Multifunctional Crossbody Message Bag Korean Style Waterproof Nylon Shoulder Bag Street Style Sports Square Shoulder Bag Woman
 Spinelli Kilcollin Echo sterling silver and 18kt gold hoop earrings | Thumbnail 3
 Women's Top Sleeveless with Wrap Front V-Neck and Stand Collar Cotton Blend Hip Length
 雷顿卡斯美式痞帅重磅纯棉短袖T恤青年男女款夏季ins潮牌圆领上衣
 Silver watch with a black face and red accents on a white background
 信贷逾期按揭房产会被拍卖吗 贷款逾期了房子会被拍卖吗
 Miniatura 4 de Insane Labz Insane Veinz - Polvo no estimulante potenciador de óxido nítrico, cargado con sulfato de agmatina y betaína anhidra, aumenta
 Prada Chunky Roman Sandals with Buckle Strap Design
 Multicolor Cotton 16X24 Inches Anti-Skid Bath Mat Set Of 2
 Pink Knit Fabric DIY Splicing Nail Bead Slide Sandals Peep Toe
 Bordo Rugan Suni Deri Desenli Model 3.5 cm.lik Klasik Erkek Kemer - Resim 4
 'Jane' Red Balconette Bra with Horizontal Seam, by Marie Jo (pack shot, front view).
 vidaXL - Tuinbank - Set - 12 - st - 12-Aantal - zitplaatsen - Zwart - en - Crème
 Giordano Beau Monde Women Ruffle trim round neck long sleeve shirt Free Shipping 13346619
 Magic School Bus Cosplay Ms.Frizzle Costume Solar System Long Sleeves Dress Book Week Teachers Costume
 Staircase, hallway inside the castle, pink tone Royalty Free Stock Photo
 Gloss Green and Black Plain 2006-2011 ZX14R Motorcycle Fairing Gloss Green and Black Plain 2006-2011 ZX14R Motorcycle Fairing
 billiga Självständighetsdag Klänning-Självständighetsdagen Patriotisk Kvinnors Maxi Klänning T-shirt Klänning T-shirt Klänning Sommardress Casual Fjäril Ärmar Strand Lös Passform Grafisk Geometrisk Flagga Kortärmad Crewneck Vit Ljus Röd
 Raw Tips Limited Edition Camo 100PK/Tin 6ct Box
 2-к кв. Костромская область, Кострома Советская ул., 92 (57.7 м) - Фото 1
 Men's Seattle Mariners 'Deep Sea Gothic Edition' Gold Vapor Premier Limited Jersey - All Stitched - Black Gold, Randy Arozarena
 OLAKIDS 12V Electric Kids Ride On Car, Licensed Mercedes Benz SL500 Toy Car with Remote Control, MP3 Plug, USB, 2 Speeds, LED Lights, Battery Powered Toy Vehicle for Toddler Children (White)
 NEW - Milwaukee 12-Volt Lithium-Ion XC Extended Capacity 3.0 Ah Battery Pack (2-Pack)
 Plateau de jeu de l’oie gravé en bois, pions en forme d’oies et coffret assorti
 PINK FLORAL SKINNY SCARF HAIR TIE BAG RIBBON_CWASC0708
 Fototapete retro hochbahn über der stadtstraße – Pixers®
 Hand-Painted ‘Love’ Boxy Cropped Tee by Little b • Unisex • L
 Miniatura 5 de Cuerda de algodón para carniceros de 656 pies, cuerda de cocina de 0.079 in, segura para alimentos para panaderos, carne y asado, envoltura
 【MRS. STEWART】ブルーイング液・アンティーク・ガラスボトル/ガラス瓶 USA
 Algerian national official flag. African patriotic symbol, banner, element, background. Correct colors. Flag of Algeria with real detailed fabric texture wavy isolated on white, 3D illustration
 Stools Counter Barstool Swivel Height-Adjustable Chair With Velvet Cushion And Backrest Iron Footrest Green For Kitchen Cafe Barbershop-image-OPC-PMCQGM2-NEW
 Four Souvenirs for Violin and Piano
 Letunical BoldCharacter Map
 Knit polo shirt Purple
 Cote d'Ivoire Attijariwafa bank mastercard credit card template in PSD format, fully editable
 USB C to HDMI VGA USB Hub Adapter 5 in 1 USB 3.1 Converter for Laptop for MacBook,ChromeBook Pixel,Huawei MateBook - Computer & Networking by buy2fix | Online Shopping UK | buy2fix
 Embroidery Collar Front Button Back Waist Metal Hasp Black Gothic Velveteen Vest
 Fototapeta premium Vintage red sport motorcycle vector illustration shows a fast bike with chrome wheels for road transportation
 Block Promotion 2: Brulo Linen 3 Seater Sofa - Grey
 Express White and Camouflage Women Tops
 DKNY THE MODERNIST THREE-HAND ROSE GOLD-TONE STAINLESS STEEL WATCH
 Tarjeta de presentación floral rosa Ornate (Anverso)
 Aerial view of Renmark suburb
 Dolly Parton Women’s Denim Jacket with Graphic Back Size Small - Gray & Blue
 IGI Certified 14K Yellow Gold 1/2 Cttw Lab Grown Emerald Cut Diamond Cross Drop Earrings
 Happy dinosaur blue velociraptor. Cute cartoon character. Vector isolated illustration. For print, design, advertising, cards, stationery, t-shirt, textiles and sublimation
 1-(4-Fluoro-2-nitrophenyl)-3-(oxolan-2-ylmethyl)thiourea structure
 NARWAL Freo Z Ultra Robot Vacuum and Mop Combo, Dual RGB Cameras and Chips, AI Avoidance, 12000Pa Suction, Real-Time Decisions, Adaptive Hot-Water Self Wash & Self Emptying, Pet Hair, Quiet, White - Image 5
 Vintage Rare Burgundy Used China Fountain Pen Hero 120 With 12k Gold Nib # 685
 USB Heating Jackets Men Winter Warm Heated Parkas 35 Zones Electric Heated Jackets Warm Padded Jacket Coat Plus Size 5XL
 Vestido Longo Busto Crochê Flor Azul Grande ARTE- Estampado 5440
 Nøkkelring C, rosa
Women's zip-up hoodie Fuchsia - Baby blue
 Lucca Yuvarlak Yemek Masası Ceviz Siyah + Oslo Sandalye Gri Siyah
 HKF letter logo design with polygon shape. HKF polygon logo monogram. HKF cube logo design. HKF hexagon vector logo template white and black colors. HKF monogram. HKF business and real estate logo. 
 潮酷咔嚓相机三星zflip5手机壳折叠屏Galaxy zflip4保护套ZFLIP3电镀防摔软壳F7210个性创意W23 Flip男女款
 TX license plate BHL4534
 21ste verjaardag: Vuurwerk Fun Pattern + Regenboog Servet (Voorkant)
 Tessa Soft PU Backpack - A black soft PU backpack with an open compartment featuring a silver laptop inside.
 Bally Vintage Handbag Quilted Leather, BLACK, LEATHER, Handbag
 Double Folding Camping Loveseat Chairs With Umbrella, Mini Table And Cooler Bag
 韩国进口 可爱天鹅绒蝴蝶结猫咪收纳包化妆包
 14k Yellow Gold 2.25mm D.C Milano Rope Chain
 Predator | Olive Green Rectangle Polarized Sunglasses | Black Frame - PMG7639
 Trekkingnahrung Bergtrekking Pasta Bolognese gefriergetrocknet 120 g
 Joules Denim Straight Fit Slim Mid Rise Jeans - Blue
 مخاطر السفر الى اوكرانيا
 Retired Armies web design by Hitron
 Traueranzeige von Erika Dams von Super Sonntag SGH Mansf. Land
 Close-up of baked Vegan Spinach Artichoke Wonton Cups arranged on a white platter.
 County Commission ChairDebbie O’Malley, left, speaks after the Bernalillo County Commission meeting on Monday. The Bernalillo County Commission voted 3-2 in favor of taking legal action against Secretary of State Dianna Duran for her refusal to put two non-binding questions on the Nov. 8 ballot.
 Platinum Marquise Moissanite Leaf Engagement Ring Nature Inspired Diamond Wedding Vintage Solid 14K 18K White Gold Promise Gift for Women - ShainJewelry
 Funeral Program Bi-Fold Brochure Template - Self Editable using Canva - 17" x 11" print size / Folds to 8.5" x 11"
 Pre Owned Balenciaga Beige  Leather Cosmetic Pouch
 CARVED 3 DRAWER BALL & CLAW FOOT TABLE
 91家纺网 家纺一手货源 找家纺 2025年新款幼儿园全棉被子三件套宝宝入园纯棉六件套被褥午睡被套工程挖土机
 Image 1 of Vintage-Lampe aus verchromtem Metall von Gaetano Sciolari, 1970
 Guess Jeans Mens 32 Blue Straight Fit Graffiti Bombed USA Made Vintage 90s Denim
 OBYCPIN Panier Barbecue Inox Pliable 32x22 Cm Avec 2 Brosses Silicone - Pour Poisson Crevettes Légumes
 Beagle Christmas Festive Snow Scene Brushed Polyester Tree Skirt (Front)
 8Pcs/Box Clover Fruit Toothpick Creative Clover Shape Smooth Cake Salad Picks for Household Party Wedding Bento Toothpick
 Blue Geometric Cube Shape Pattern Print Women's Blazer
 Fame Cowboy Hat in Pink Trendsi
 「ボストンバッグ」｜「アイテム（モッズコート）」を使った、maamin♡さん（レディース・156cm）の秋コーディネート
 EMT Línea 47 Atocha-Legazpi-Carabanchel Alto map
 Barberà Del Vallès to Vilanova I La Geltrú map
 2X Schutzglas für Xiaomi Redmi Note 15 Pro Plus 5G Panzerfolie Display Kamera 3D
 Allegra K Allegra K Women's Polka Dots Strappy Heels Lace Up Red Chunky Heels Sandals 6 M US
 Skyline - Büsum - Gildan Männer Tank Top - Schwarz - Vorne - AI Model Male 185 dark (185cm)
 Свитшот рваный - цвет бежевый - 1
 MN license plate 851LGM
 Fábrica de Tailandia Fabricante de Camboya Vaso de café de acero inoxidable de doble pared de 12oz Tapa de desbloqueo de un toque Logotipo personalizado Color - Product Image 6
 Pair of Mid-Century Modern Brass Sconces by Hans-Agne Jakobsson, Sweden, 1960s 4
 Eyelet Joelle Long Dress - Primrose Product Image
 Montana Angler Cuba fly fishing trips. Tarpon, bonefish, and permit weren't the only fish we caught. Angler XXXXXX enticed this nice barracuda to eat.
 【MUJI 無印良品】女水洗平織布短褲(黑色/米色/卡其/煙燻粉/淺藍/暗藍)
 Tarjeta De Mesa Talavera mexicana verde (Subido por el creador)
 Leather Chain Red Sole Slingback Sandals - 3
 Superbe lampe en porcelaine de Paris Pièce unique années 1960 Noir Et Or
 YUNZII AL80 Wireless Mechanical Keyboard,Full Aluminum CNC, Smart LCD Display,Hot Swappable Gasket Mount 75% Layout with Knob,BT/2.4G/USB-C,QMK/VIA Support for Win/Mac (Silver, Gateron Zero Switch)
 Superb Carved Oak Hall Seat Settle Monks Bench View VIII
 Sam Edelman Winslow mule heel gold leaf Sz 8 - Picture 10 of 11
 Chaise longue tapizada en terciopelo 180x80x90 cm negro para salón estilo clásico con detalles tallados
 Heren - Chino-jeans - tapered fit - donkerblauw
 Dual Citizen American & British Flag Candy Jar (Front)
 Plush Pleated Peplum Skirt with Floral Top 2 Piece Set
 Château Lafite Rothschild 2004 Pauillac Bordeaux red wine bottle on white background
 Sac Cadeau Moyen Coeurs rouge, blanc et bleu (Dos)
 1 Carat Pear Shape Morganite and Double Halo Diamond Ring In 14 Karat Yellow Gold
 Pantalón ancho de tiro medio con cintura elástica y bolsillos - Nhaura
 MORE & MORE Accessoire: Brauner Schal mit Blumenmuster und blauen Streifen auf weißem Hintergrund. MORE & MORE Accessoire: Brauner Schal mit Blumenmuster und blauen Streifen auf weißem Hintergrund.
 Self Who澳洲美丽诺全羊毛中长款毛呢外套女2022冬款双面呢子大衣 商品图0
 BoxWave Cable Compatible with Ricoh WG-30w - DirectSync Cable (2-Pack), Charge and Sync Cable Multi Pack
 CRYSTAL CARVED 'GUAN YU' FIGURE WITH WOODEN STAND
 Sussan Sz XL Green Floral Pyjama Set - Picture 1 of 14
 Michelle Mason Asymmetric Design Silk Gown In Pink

Exercise objective: Reproduce all lines from the records above that include the word "rosa".

Answer to the exercise:
 Tarjeta de presentación floral rosa Ornate (Anverso)
 Nøkkelring C, rosa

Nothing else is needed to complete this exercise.